[[ Data supplied, beginning ]]

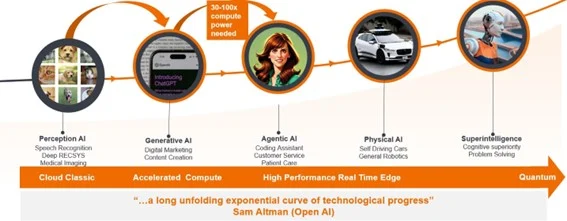 La evolución de la Inteligencia Artificial amplía los casos de uso. Fuente: Janus Henderson Investors.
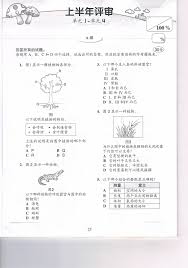 Contohnya pelajar yang ke arah sains. Himpunan Latihan Sains Tahun 4 Yang Bernilai Khas Untuk Ibubapa Lihat Cikgu Ayu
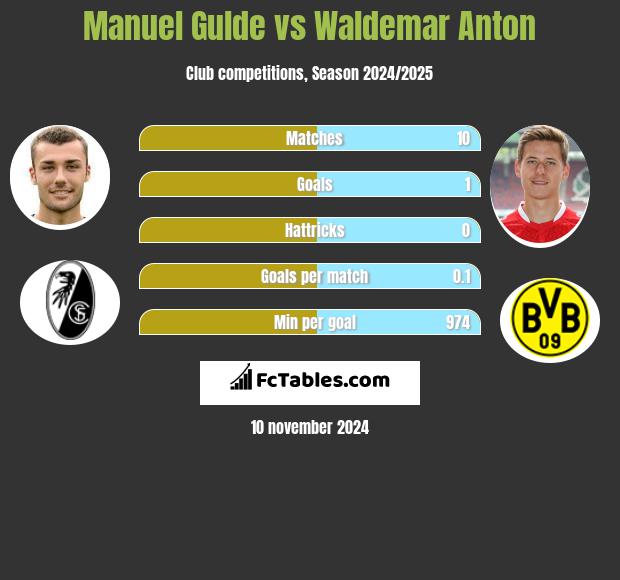 Manuel Gulde vs Waldemar Anton h2h player stats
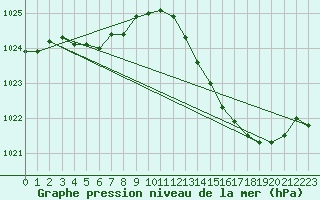 Courbe de la pression atmosphrique pour Saint-Georges-d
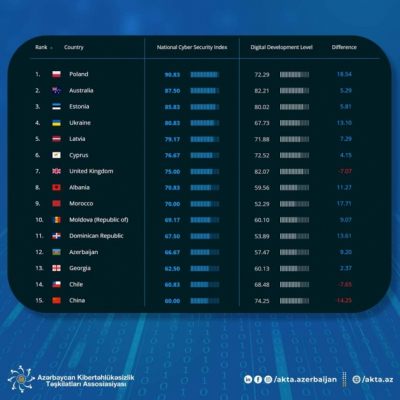   Azerbaijan ranks 12th in National Cyber Security Index  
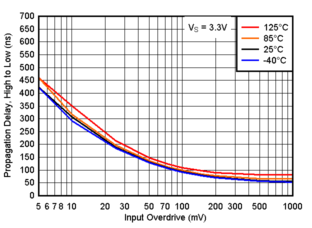 TLV9020-Q1 TLV9021-Q1 TLV9022-Q1 TLV9024-Q1  TLV9030-Q1 TLV9031-Q1 TLV9032-Q1 TLV9034-Q1 傳播延遲，從高電平到低電平，3.3V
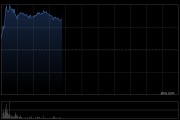光伏股早盘集体走高 钧达股份涨逾10%福莱特玻璃涨逾8%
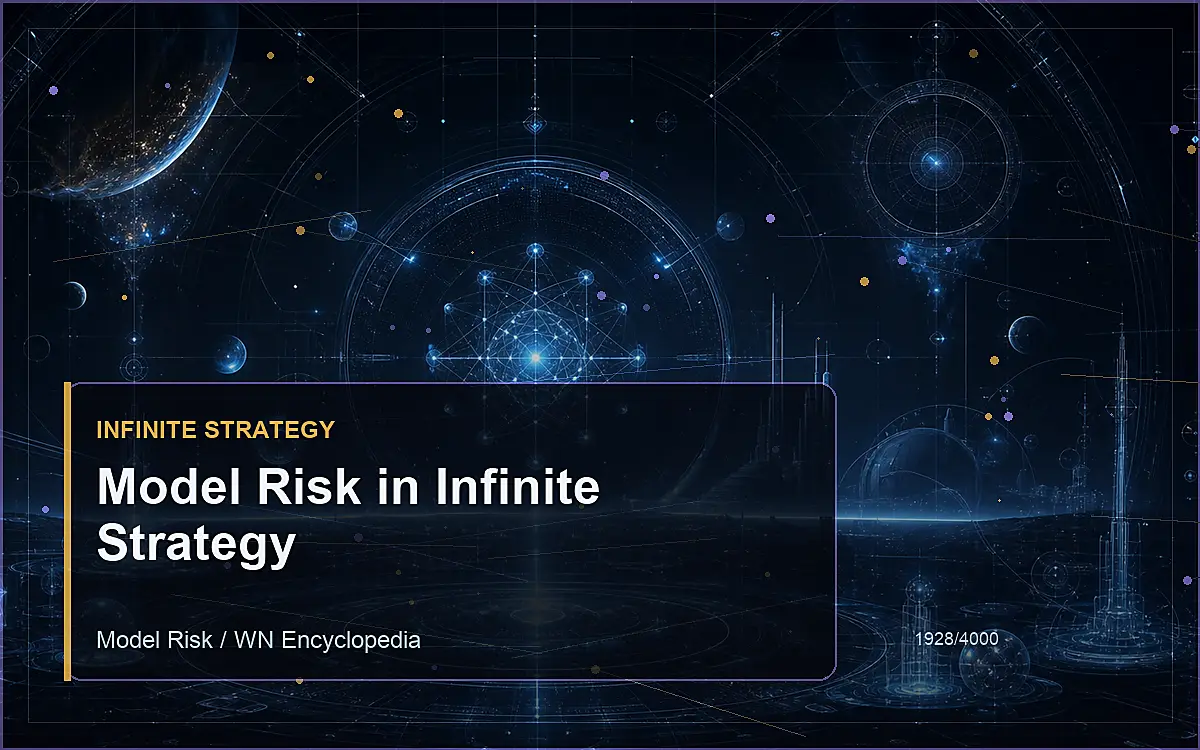 AI-generated encyclopedia reference image for Model Risk in Infinite Strategy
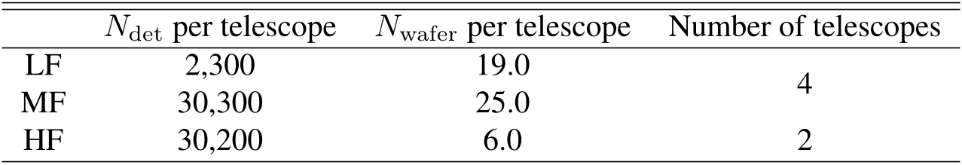 Table 5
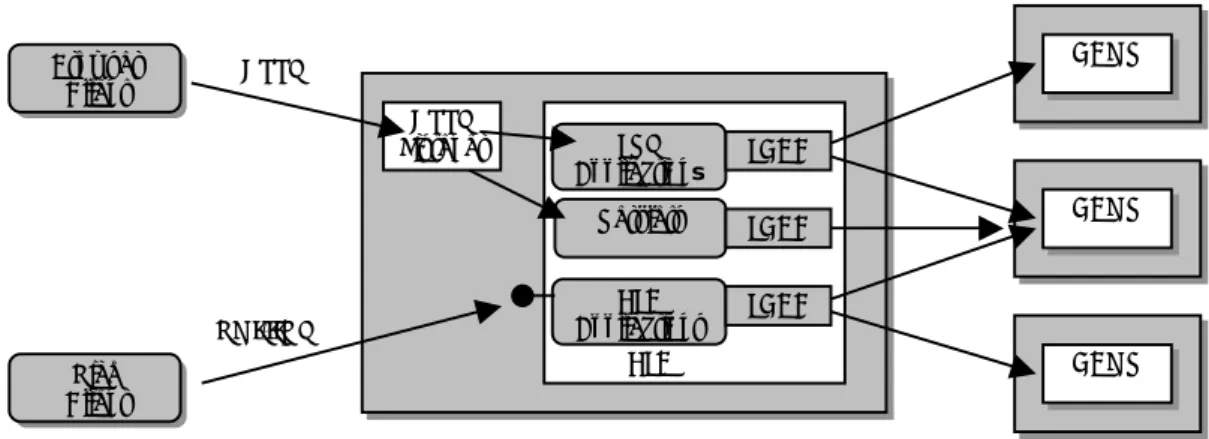 Figure 3.  The principle of the use of EJB in a three-tier architecture. 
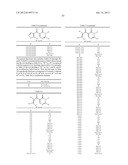 HERBICIDAL BUS-NITROGEN-CONTAINING OXO AND SULFONO HETEROCYCLES diagram and image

[[ Data supplied, end ]]

- _Work to complete_: Before copying the material, set its pictures aside; then transcribe it word for word.

- _Reply to the exercise_:
 La evolución de la Inteligencia Artificial amplía los casos de uso. Fuente: Janus Henderson Investors.
 Contohnya pelajar yang ke arah sains. Himpunan Latihan Sains Tahun 4 Yang Bernilai Khas Untuk Ibubapa Lihat Cikgu Ayu
 Manuel Gulde vs Waldemar Anton h2h player stats
 Courbe de la pression atmosphrique pour Saint-Georges-d
   Azerbaijan ranks 12th in National Cyber Security Index  
 TLV9020-Q1 TLV9021-Q1 TLV9022-Q1 TLV9024-Q1  TLV9030-Q1 TLV9031-Q1 TLV9032-Q1 TLV9034-Q1 傳播延遲，從高電平到低電平，3.3V
光伏股早盘集体走高 钧达股份涨逾10%福莱特玻璃涨逾8%
 AI-generated encyclopedia reference image for Model Risk in Infinite Strategy
 Table 5
 Figure 3.  The principle of the use of EJB in a three-tier architecture. 
 HERBICIDAL BUS-NITROGEN-CONTAINING OXO AND SULFONO HETEROCYCLES diagram and image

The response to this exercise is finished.